| Sigh. Implemented a scheme in my undergraduate days (in C), had a small love affair with LISP in general (but none with girls ... probably related). I'll be opinionated here: It's not readable. It really isn't. You have to be in the thick of it to see the trees. Idiomatic doesn't cut it. Operator heavy Haskell is more readable. Most of the modern functional languages read closer to the spoken word. I'd rather be presented with a legacy OO code base, than an LISP one if the LOC was anything significant. I hope I don't come across as disgruntled, I am but a mere man, and I know my limits. And still have fond memories of bedding LISP. |
Hang on. Your opinion is that Clojure isn't readable because you didn't find other Lisps readable when you were an undergraduate? But you haven't actually tried Clojure yourself?
I have tried Clojure, and my opinion is that it's easily the most readable programming language I've found.
Clojure has very strong opinions about complexity, which in Clojure parlance is a measurement of interconnectedness between components. The language is built around the idea of reducing complexity, about making things isolated and independent. Idiomatic Clojure code therefore tends to have a very flat structure consisting of isolated functions and data structures. It has a very high degree of code reuse, because it explicitly rejects encapsulation.

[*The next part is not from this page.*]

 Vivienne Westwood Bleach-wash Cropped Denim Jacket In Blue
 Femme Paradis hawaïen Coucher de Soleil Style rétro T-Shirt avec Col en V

Clojure's syntax may be unusual, and individual forms are more information dense than many languages, however the structure of Clojure code is often much easier to understand, and for any non-trivial piece of code, that's the hardest part of comprehension.
When I come across a new Clojure library, I'll often find myself reading a bit of the docs, then heading into the source code to get an idea of how it operates. I rarely do this with an object orientated language, as OOP code tends to be deeper, more interconnected, and because of encapsulation, have more methods to understand. Java in particular is terrible for this.